• [PROBLEM DETAILS]: Please output only the lines that begin at the line with "18650 Caminito Cantilena" and run through the end of the entries below, exactly as written. Drop all pictures.

• [EXERCISE INPUTS]:
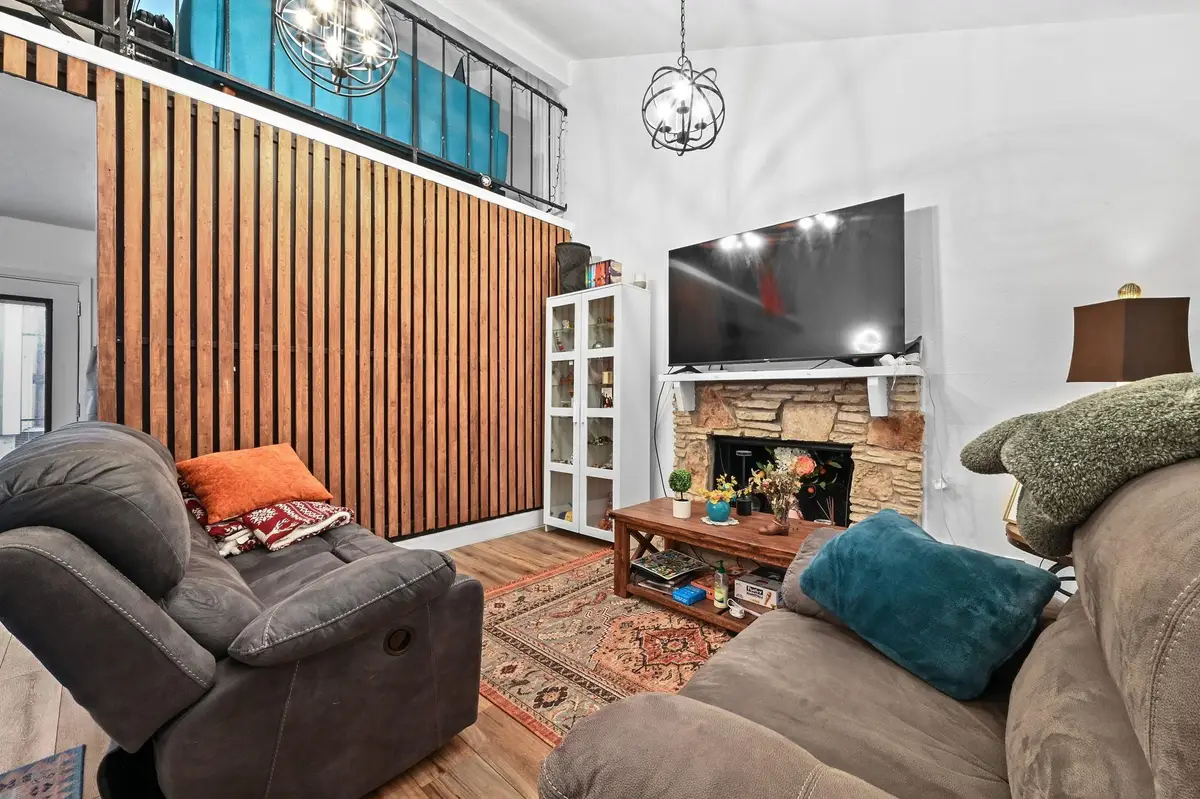 1710 Timberwood Dr, Austin, TX 78741 - Image #1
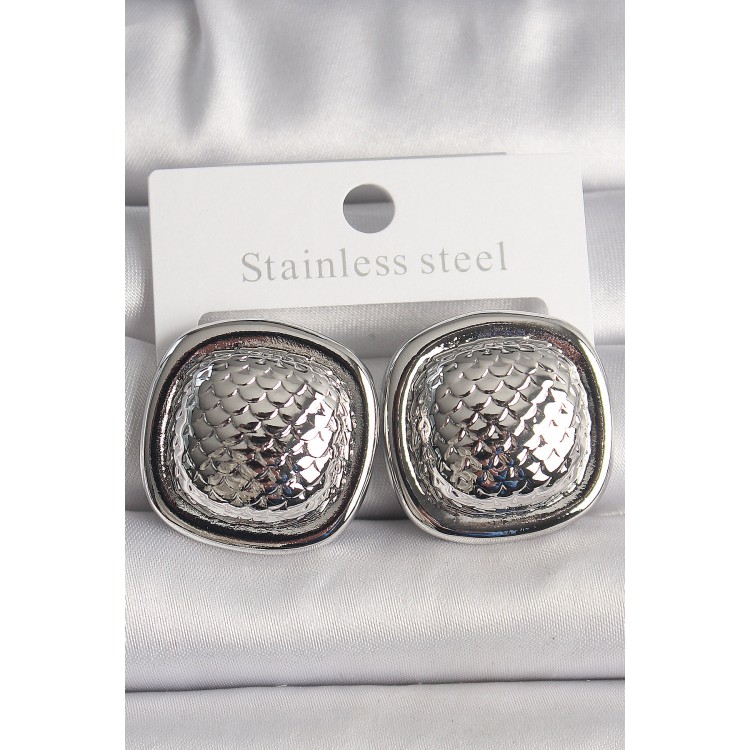 Pirinç Gümüş Renk İşlemeli Kare Model Kadın Küpe - TJ-BKP10148 Pirinç Gümüş Renk İşlemeli Kare Model Kadın Küpe - TJ-BKP10148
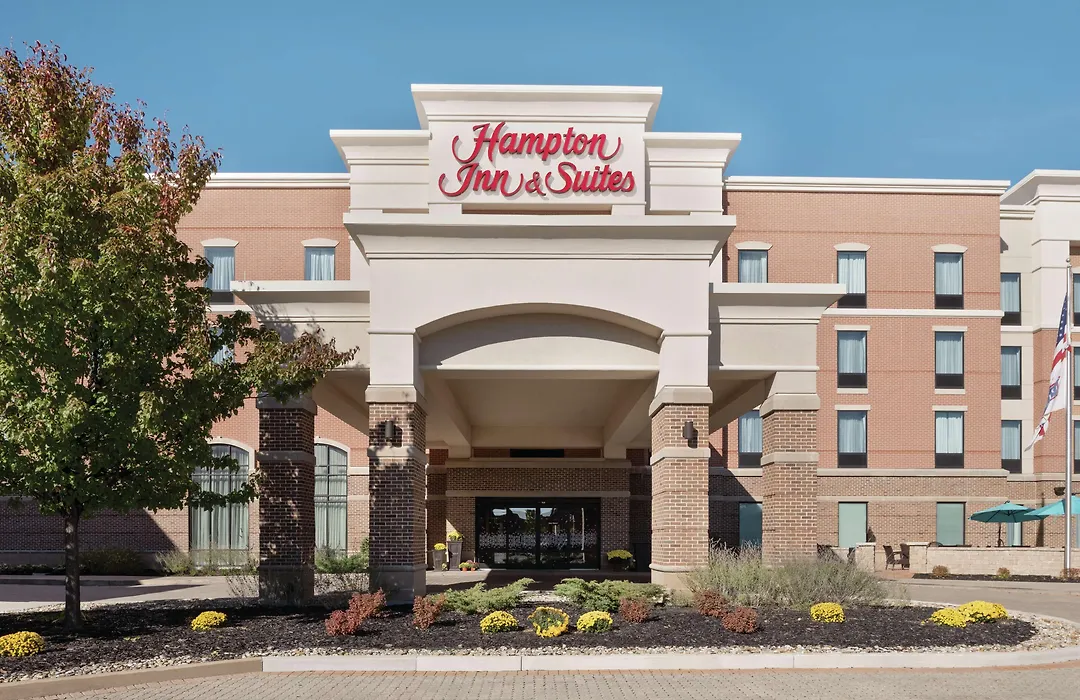 Hampton Inn & Suites Mishawaka/South Bend At Heritage Square-1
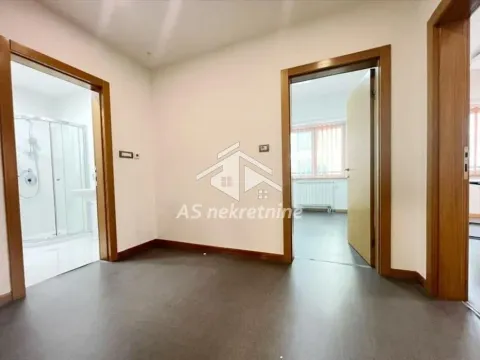 Rent, office space, 198m², Novi Beograd Sve Podlokacije, Beograd - image 13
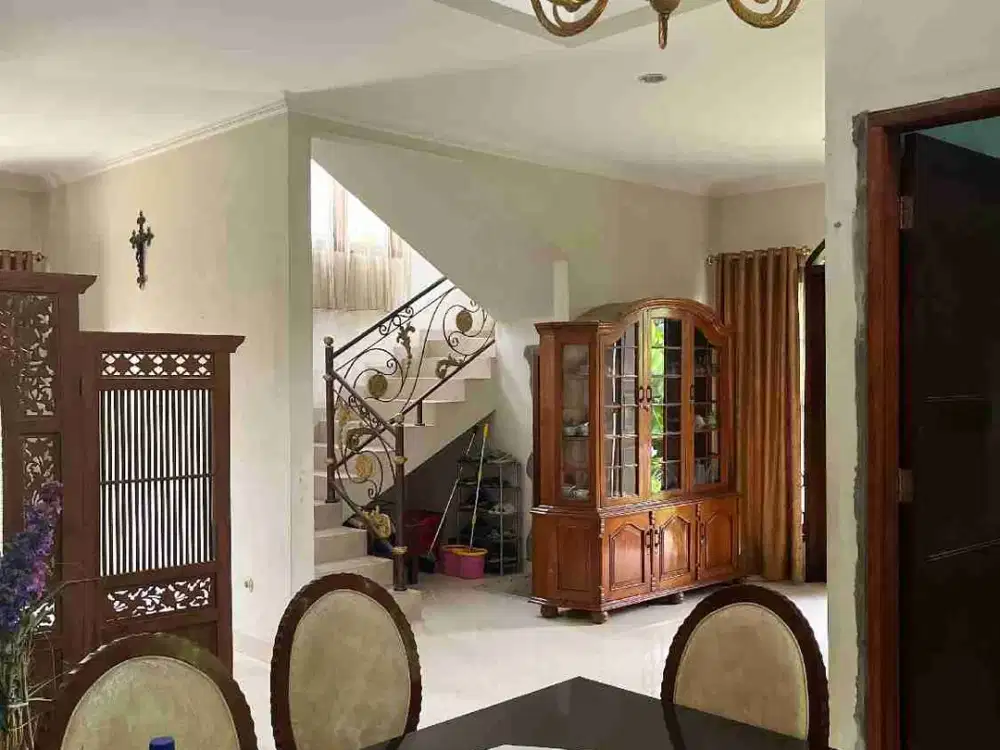 Rumah Tua Griya Loka BSD Serpong Luas 325m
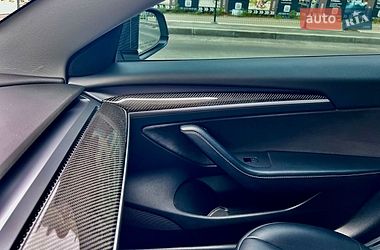 Седан Tesla Model 3 2021 в Киеве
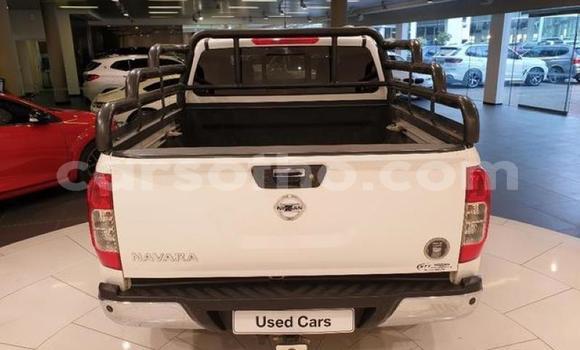 Buy Used Nissan Navara Silver Car in Quthing in Butha-Buthe Buy Used Nissan Navara Silver Car in Quthing in Butha-Buthe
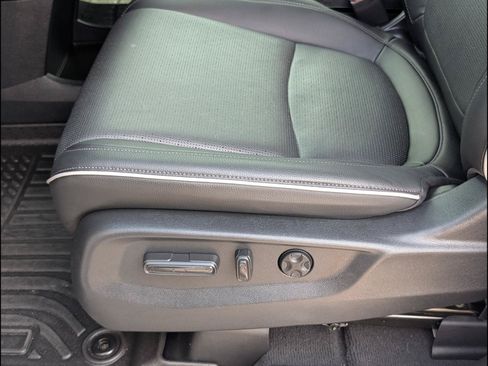 Used 2025 Honda Odyssey Elite image 10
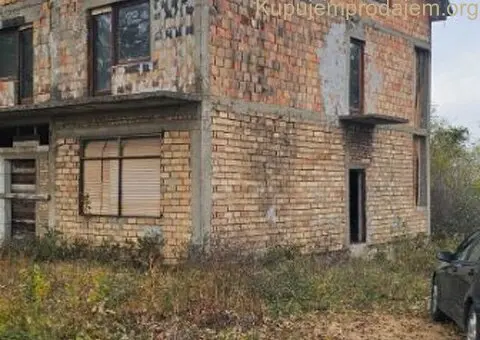 Prodajem stambeno-poslovni objekat u Vranicu - 12/15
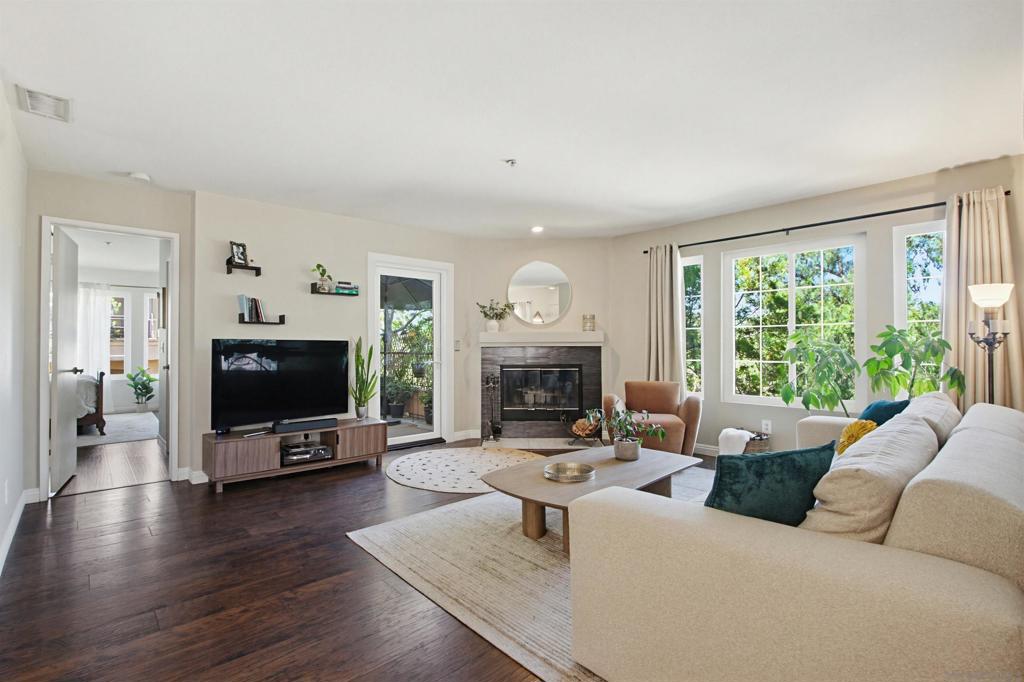 18650 Caminito Cantilena 296, San Diego CA 92128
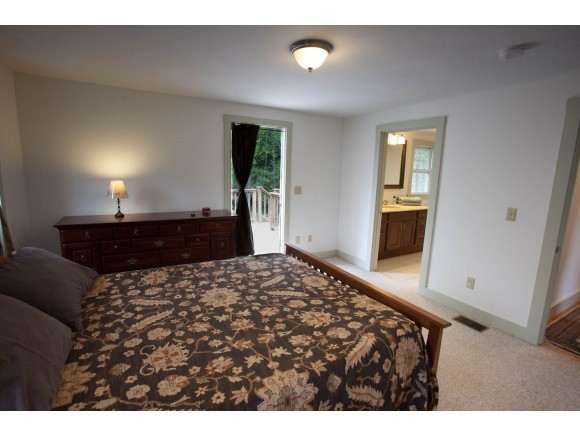 323 Grant Road Newmarket, NH 03857 - Photo 16 of 25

• [SOLUTION]:
 18650 Caminito Cantilena 296, San Diego CA 92128
 323 Grant Road Newmarket, NH 03857 - Photo 16 of 25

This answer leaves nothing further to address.